Jeff Booth, cofounder of BuildDirect, an online home improvement company wrote in Time.com that VR complements online shopping by giving it what it lacks relative to traditional shopping.
"Ultimately, these technologies come together to solve a fundamental challenge in e-commerce: integrating feeling – both physical and emotional – into the buying experience. In retail terms, it’s a case of back to the future, with next generation online sellers finding ways to restore old-school touch-and-try charm," Booth wrote.
Alibaba's payment system will allow users to verify their identity through account logins on connected devices or voice-recognition technology. There will be passwords required for authentication as well, and customers can input the characters either by head movements, touch or by "staring at a point on virtual display for longer than 15 seconds," Feng told Reuters.
The system is expected to be ready for commercial launch at the end of this year.
Another global e-commerce company, EBay, launched a virtual reality department store this May in Australia, in collaboration with retailer Myer.
"Does virtual reality mean you will shop for longer – will customers browse for longer?" Steve Brennen, senior director of marketing and retail innovation at eBay told Mashable Australia. "Is this the next future of the retail experience? We're kind of believing now that it could be."
The fashion industry is especially geared up to adopt this new technology, allowing consumers to shop from home or even try on the goods. Some fashion brands such as Tommy Hilfiger and Dior allow customers to experience runway shows through VR headsets at their stores.

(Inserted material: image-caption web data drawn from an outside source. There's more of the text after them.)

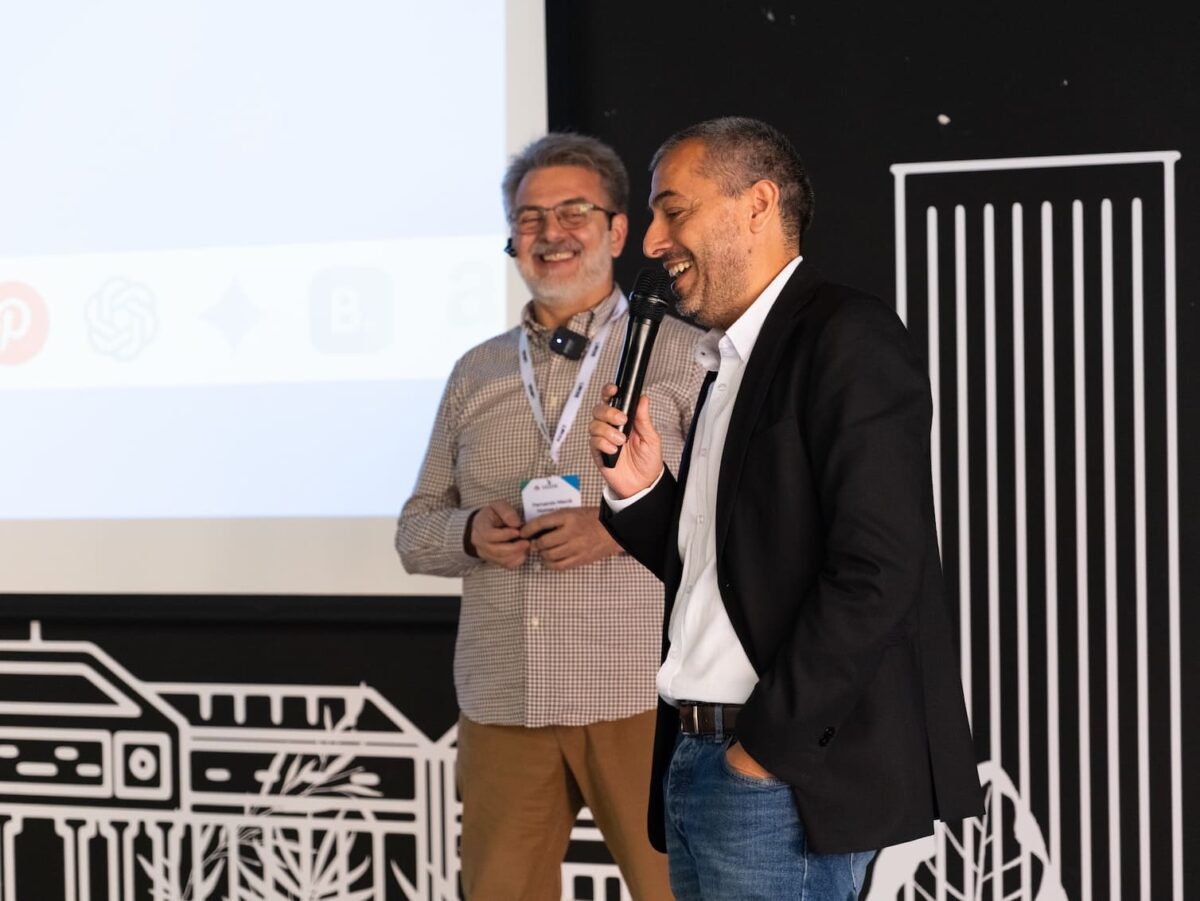 Fernando Maciá y Asier Barainca en el Mide Summit SEO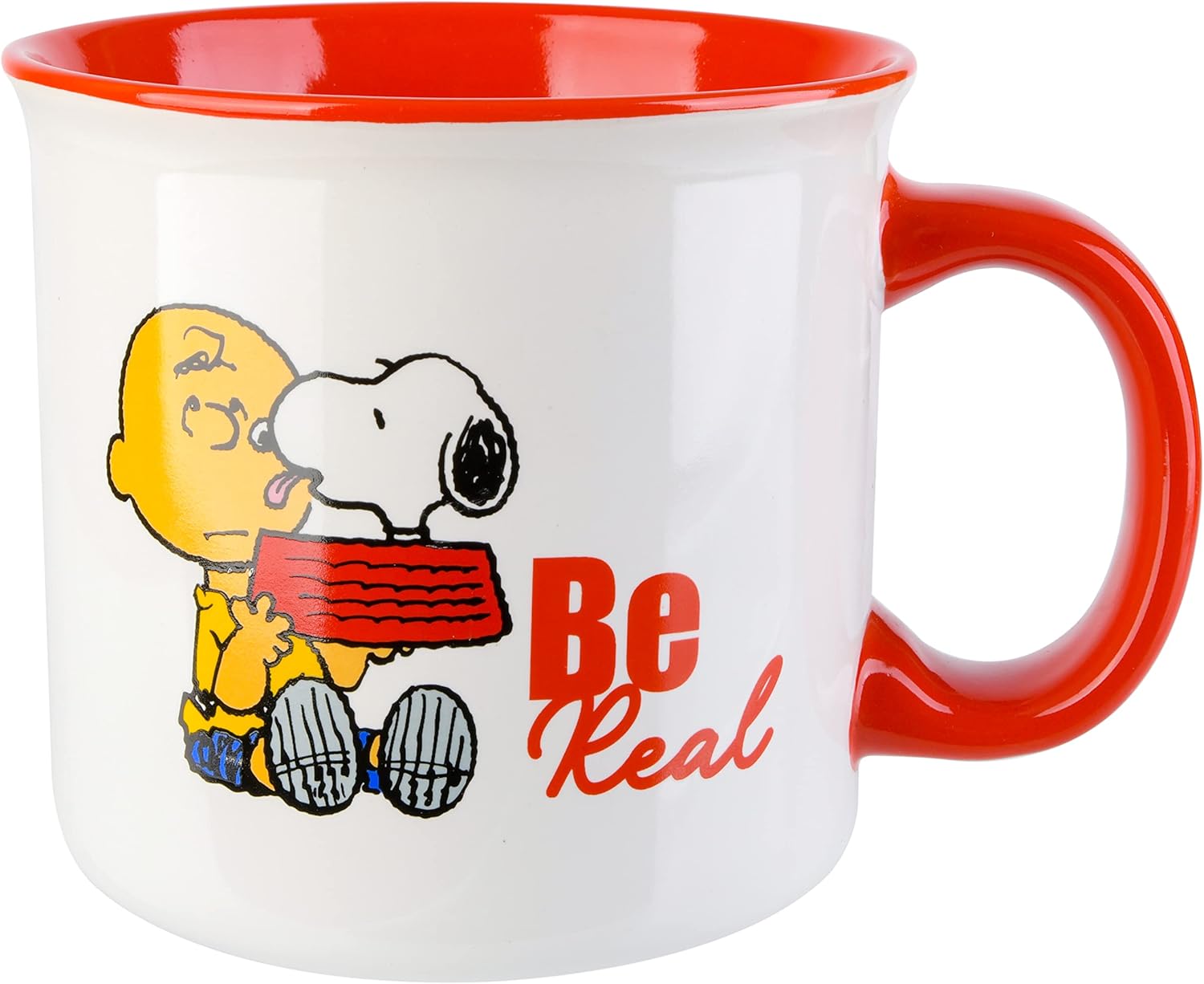 Snoopy Gentle Reminders Camper 21oz Stoneware Mugs, 4-Pack A32066
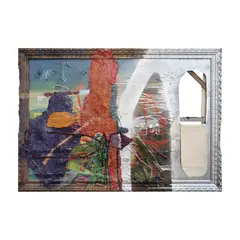 Jigger Cruz, Give Me Some Bones, oil on canvas and wood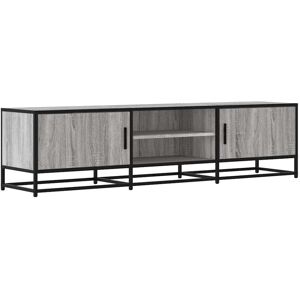 VidaXL TV Cabinet-TV Stand-Television Unit Grey Sonoma 160x35x41 cm Engineered Wood and VidaXL TV Cabinet-TV Stand-Television Unit Grey Sonoma 160x35x41 cm Engineered Wood and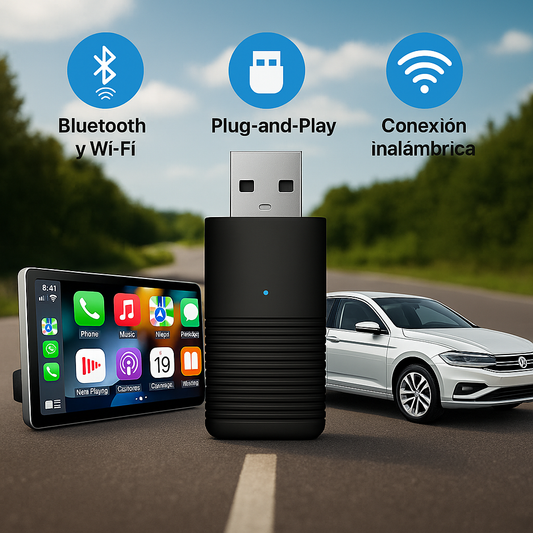 Adaptador CarPlay Inalámbrico Apple y Android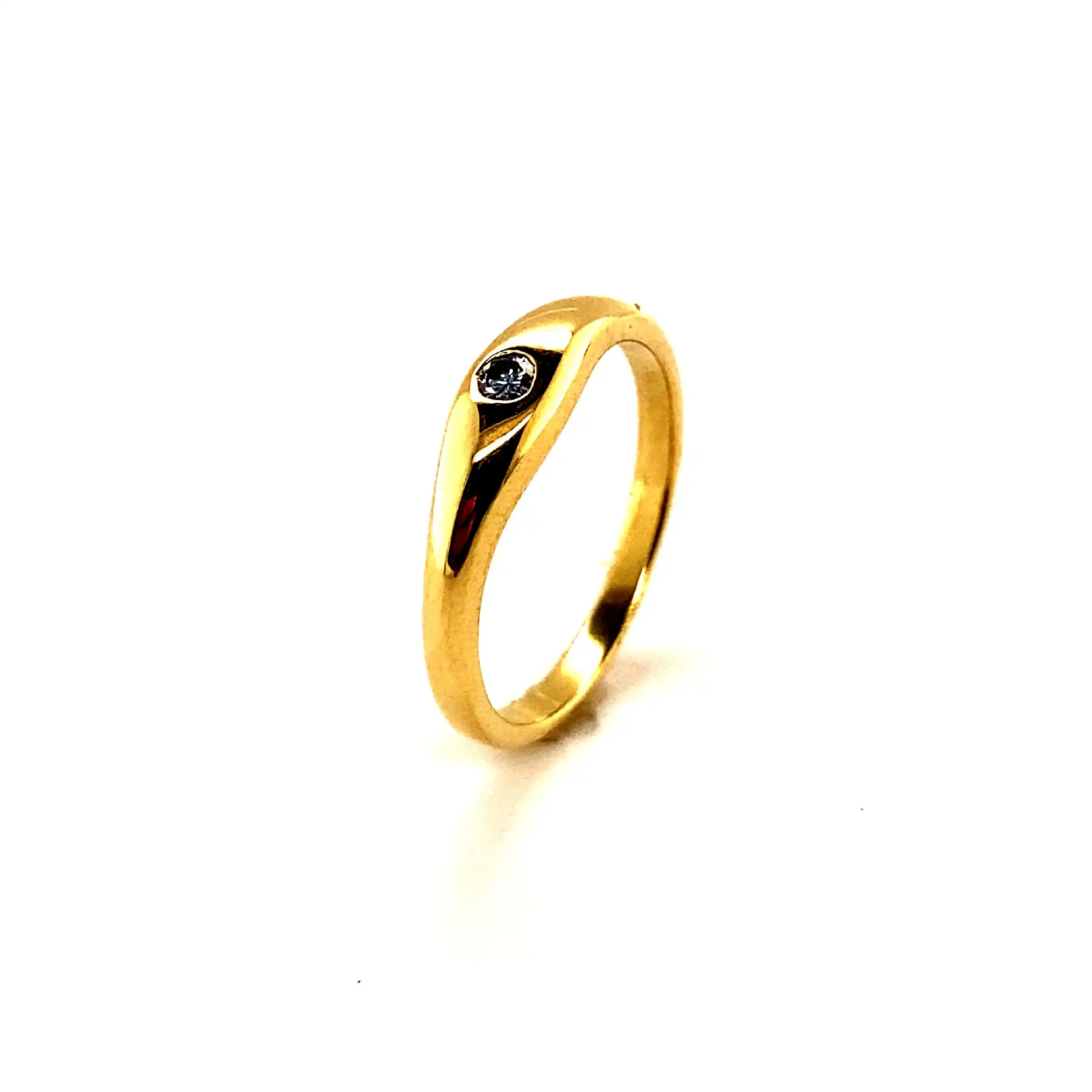 Ring Gelbgold mit Brillant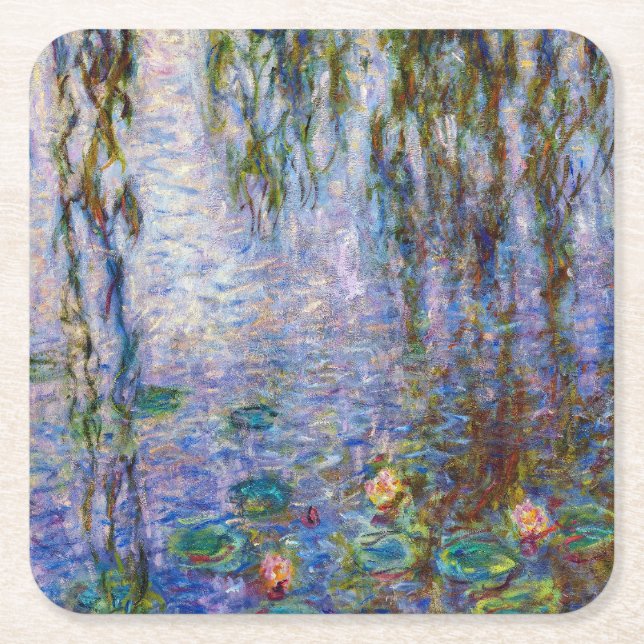 Claude Monet - Water Lilies Rechteckiger Pappuntersetzer (Vorderseite)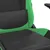 Produktbild 9 för Gamingstol med fotstöd svart och grön konstläder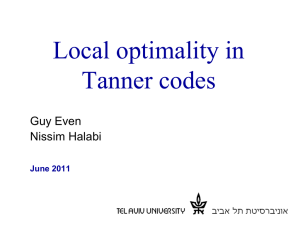 Local Optimality in Tanner Codes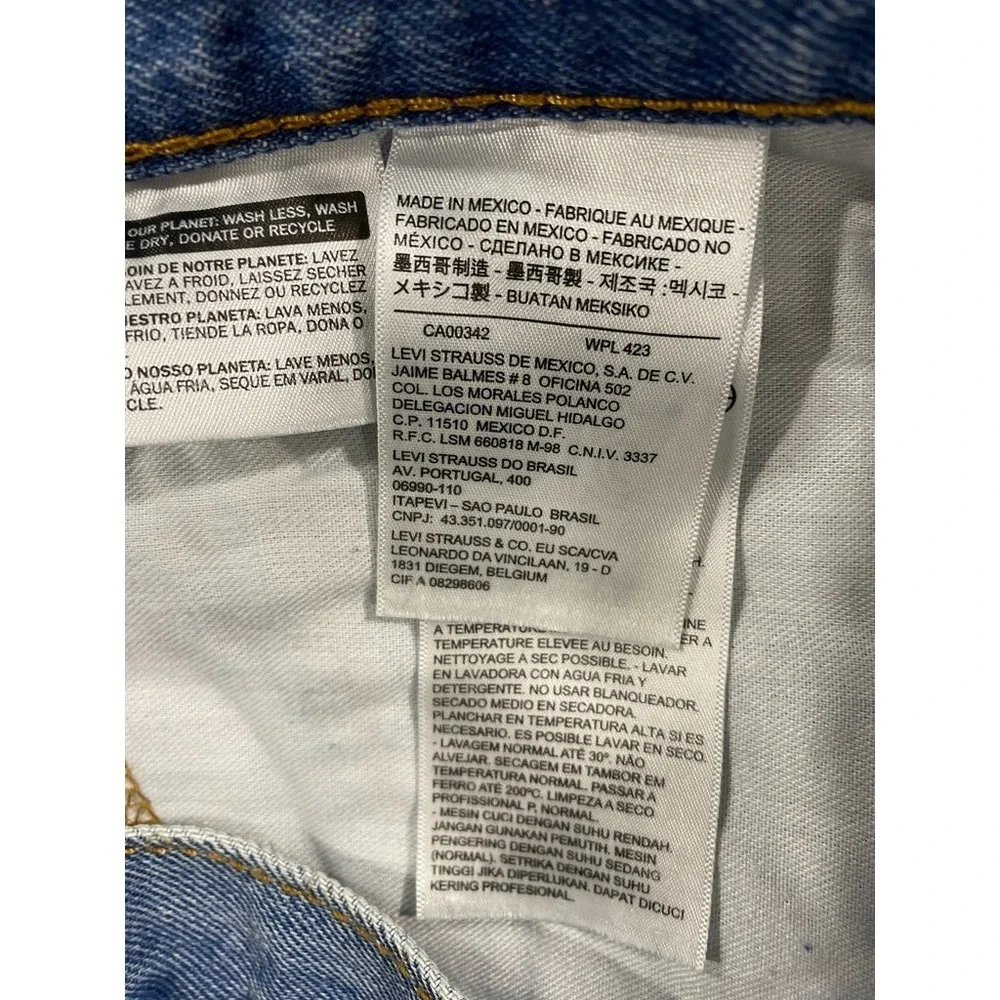 Levi's 550 Relaxed Tappered‎ Fit Jeans Mens 36X30 Blue Denim Classic 100% Cotton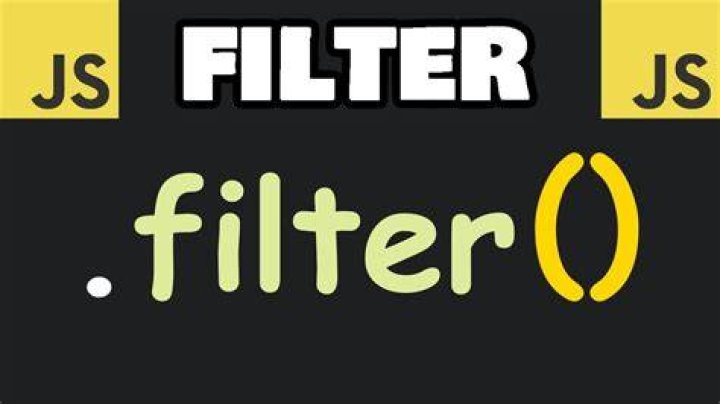 How do you use the filter method in JavaScript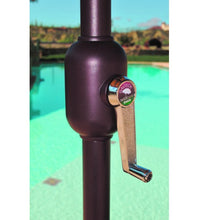 Galtech 789 - 11 FT Deluxe Auto Tilt Patio Umbrella with Crank lift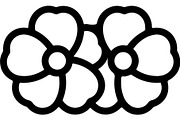 Simple Wildflower Silhouette, an Object Graphic by Designer_Momina (Thumbnail 4 of 15)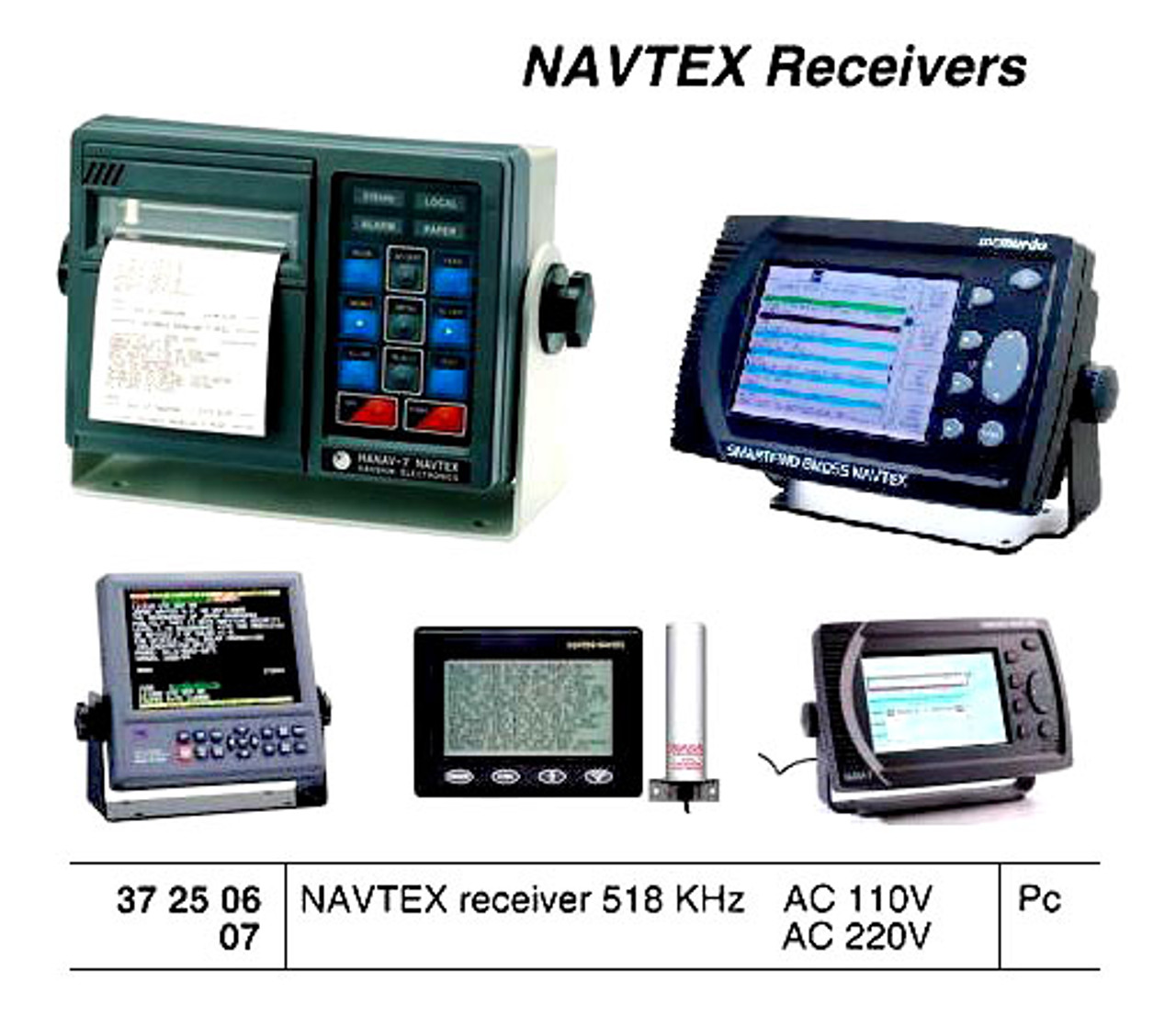 IMPA 372507 Navtex receiver SNX300 220v & 12v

The principle extends to other goods as well. For example, startup Cimagine developed an augmented reality tool that allows furniture shoppers to get a visualization of how their furniture purchases will look in their actual living space.
Similarly, home improvement stores in the US are starting to use the technology to help consumers visualize how a newly remodeled kitchen would look prior to installation, as The Christian Science Monitor reported.
Recently Microsoft partnered with Lowe’s to launch their HoloLens headset. The headset, which utilizes augmented reality to overlay virtual objects on a physical space, is rolling out now in Lowe’s stores as part of a design showroom to help customers envision the outcome of a potential home renovation.
Avenue Planet, a Miami-based company, created an app that allows users to virtually walk into 12 different famous shopping centers in the world and browse for items, as reported by CBS. The company also launched a payment system called APay where users can pay without leaving the VR world. The company plans to launch the app in December.